Brief: I'd like the entries repeated exactly, pictures omitted.

*** Block opens ***

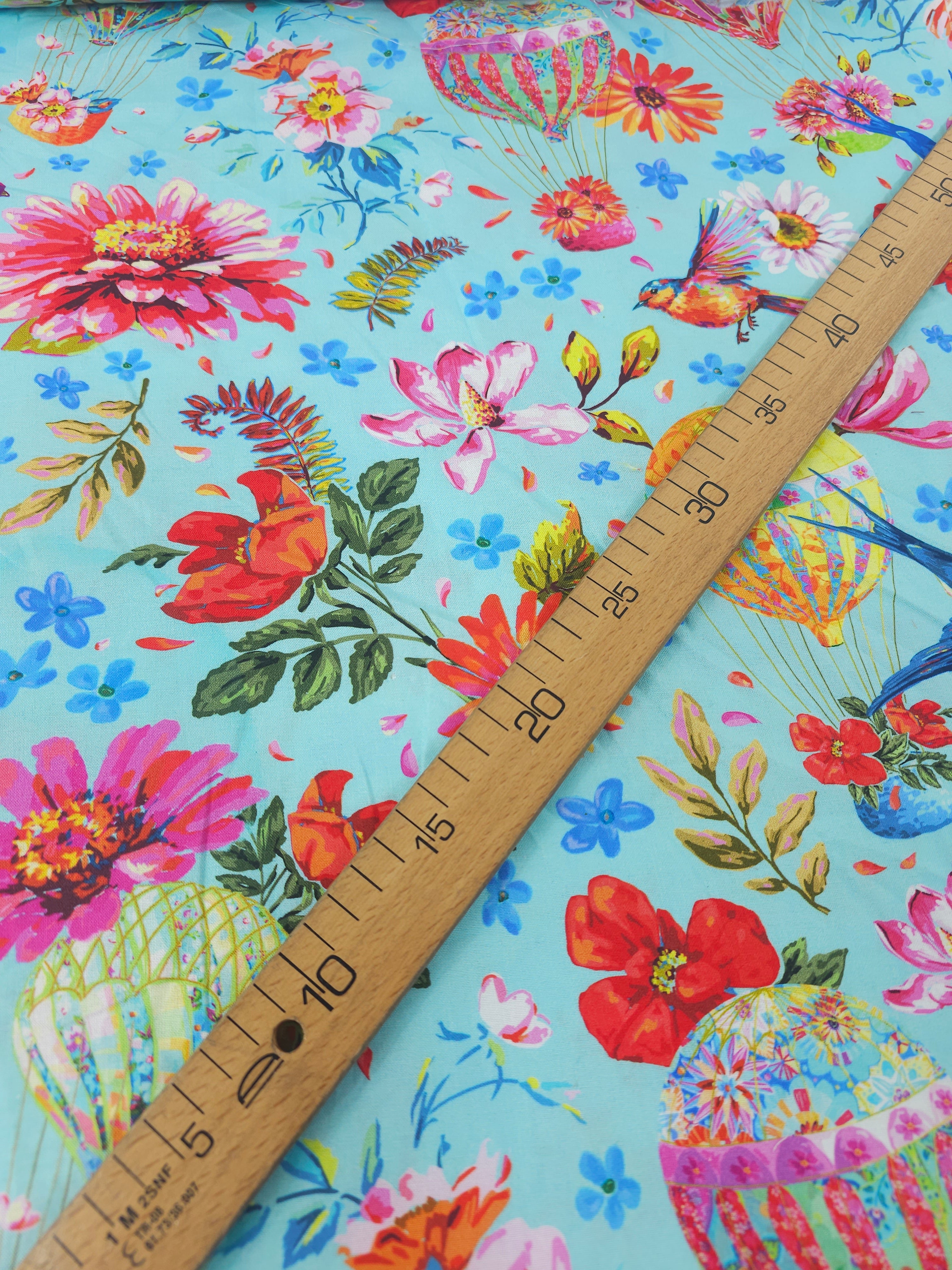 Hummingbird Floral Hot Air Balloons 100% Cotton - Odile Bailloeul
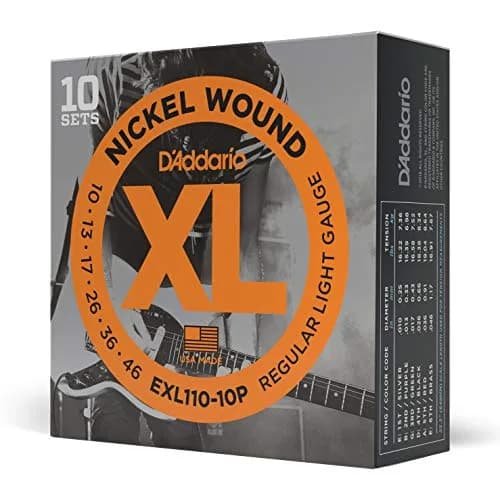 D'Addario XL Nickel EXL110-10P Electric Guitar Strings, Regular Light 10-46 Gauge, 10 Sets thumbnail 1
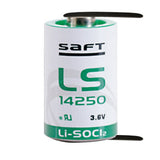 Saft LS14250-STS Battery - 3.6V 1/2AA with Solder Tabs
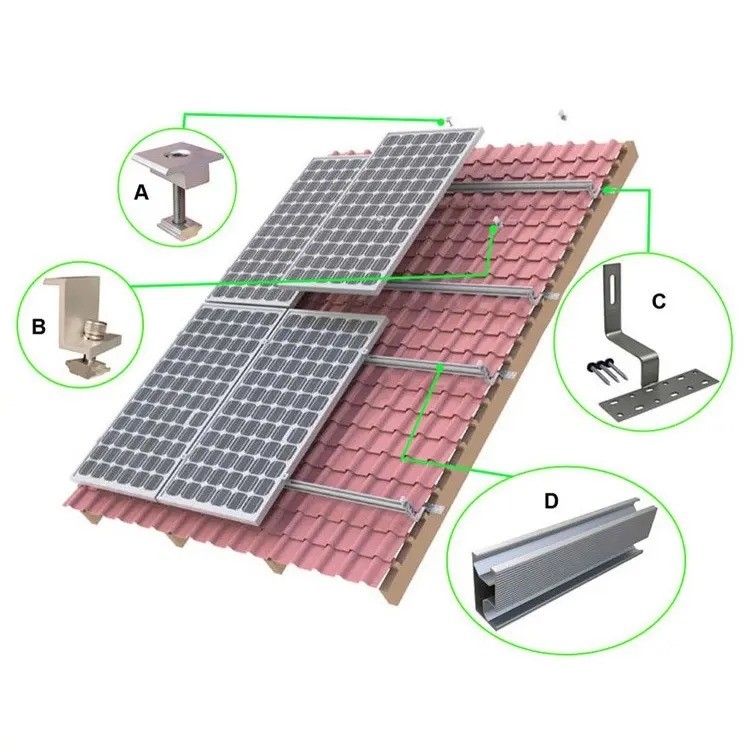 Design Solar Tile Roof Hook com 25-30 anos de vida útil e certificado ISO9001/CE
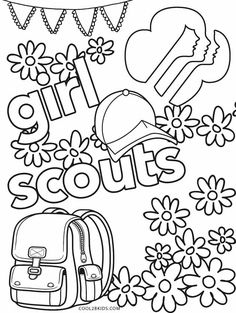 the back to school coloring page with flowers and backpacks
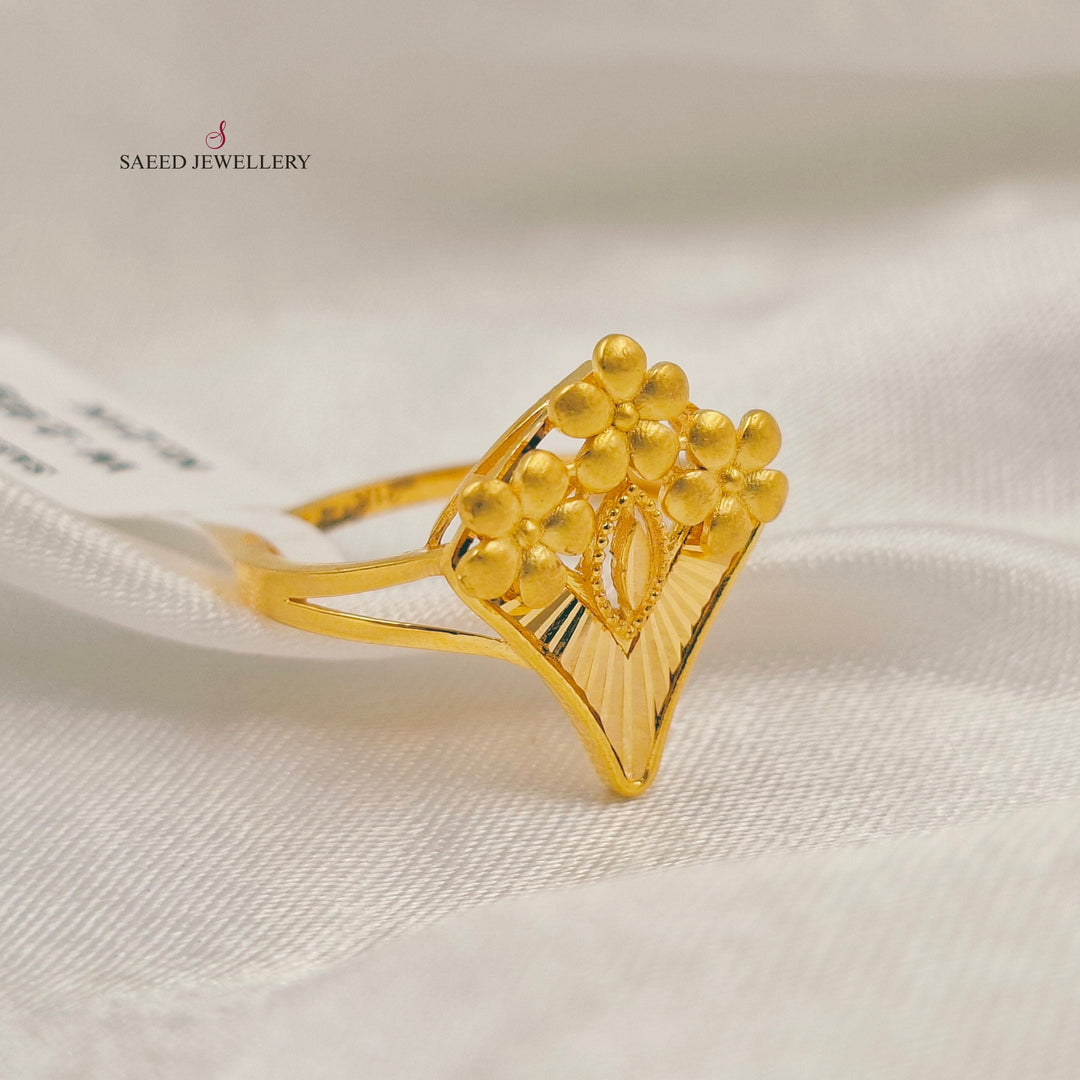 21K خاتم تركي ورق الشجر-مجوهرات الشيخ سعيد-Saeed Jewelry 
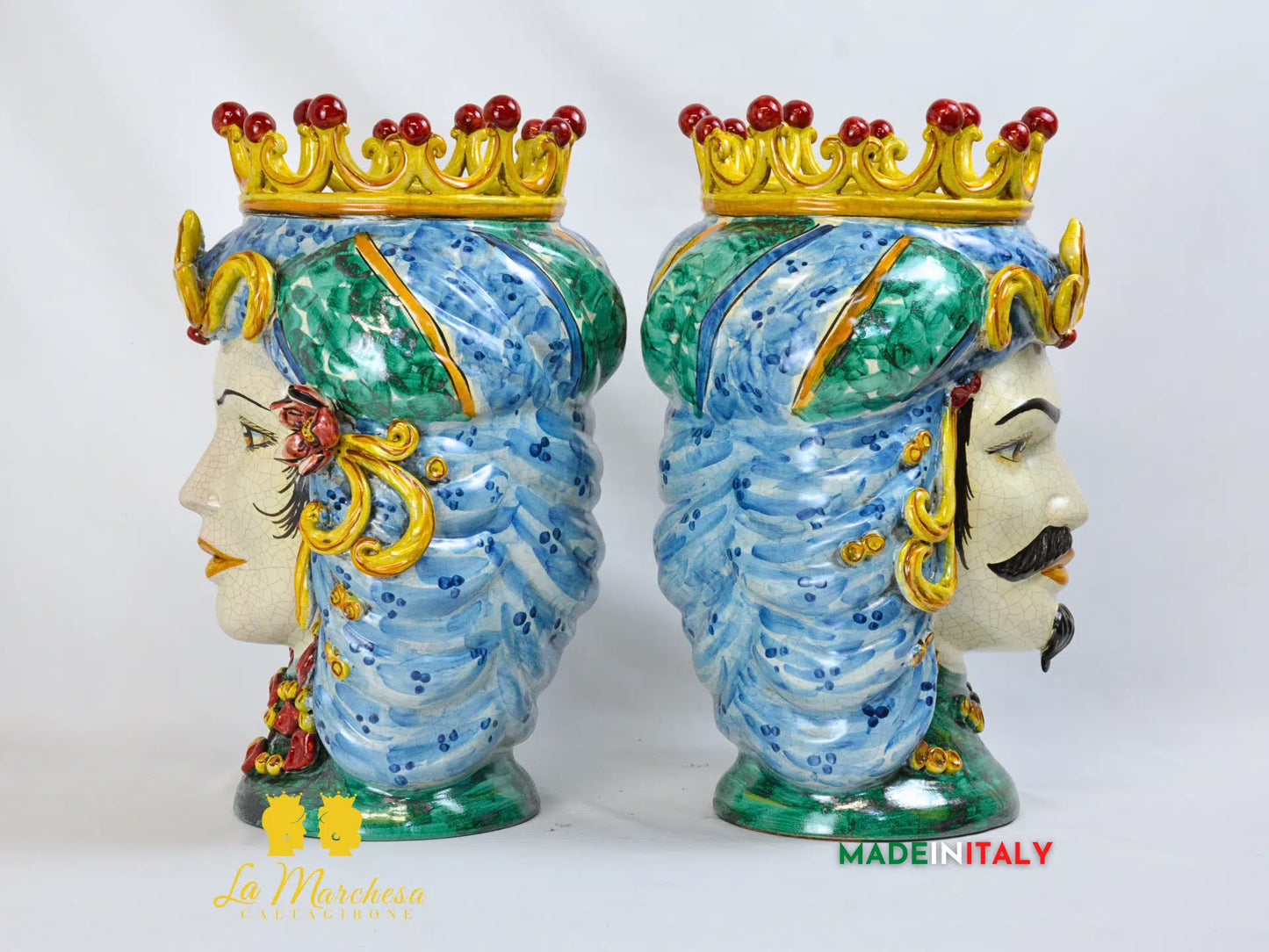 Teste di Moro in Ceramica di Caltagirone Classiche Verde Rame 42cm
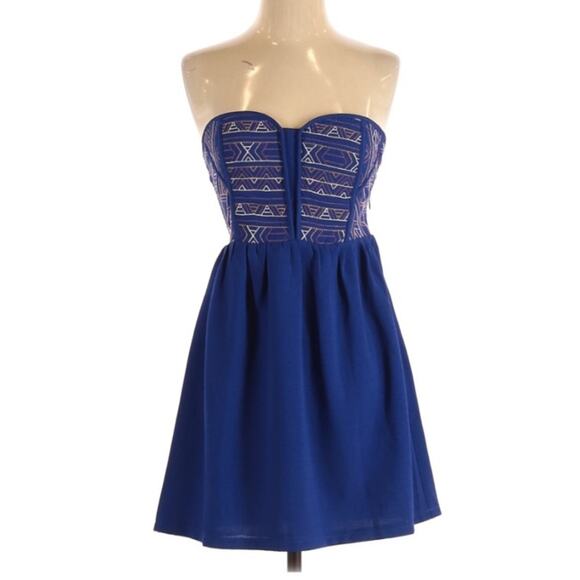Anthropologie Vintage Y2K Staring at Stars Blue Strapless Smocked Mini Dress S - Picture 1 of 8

*** Block closes ***

Result for this task:
 Hummingbird Floral Hot Air Balloons 100% Cotton - Odile Bailloeul
 D'Addario XL Nickel EXL110-10P Electric Guitar Strings, Regular Light 10-46 Gauge, 10 Sets thumbnail 1
 Saft LS14250-STS Battery - 3.6V 1/2AA with Solder Tabs
 Design Solar Tile Roof Hook com 25-30 anos de vida útil e certificado ISO9001/CE
 the back to school coloring page with flowers and backpacks
 21K خاتم تركي ورق الشجر-مجوهرات الشيخ سعيد-Saeed Jewelry 
 Teste di Moro in Ceramica di Caltagirone Classiche Verde Rame 42cm
Anthropologie Vintage Y2K Staring at Stars Blue Strapless Smocked Mini Dress S - Picture 1 of 8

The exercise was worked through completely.